Vita Chiesa
BETORI INAUGURA L’ANNO ACCADEMICO ALLA FACOLTÀ TEOLOGICA
I cristiani di oggi come i cristiani dei primi secoli: allora, i seguaci di Cristo si trovavano ad annunciare il Vangelo in condizioni di minoranza, facendo i conti con il paganesimo, con una molteplicità di dei e di culture, con il potere politico dell’Impero Romano. Oggi, spiega il segretario della Cei Giuseppe Betori, la situazione per certi versi è simile. E oggi come allora, l’annuncio del Vangelo «deve tener conto della situazione di vita di chi lo riceve, deve suscitare stupore, meraviglia, suscitare dubbi e interrogativi».
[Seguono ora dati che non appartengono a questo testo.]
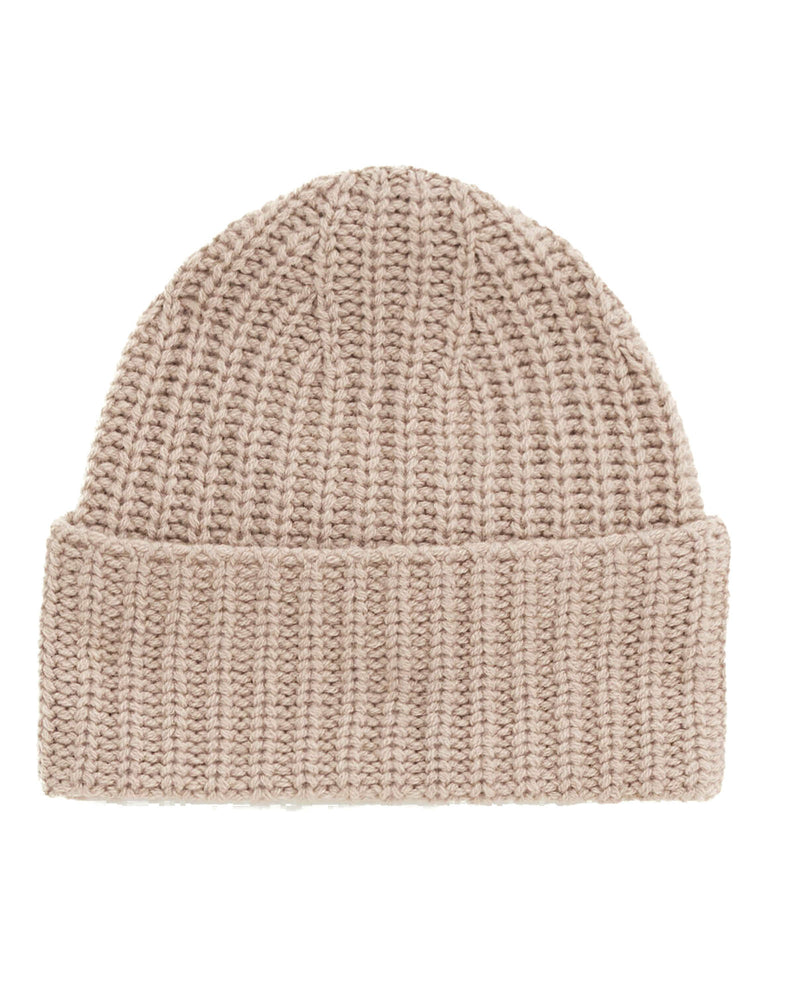 Corinne Ribbed Hat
La comunicazione del Vangelo in una società che cambia è stato il tema della prolusione che mons. Betori ha tenuto martedì a Firenze per l’inaugurazione del sesto anno accademico della Facoltà Teologica per l’Italia Centrale. Già nel 1995, ha ricordato Betori, nel messaggio al convegno di Palermo il Papa diceva che «è tempo di un nuovo annuncio», e i vescovi italiani invitavano a trovare nuove strade di evangelizzazione per raggiungere gli indifferenti e i lontani. «I nuovi orientamenti pastorali – ha proseguito – tengono conto del nuovo contesto culturale in cui la trasmissione della fede e dei valori cristiani da una generazione all’altra non è più, come era stato in passato, un fatto automatico. Questo è dovuto all’affievolirsi della pratica religiosa da parte dei cristiani, ma anche all’affermarsi di stili di vita molteplici, all’affacciarsi di fedi e culture nuove sul nostro territorio». I rischi allora sono quelli di «ridurre ogni credenza a mera opinione» e di «appiattirsi sull’oggi, secondo un riduzionismo materialista che non lascia spazio per lo spirito». In questa situazione, i cristiani devono riprendere in mano il Vangelo: «la cultura dei mass media chiede al cristianesimo di ridursi a ideologia umanistica, a sistema di precetti morali. Le ragioni del dialogo non devono essere tali da portare alla rinuncia all’annuncio cristiano, che non è una teoria sul mondo ma un messaggio che ha al suo centro la persona di Cristo». (R.B.)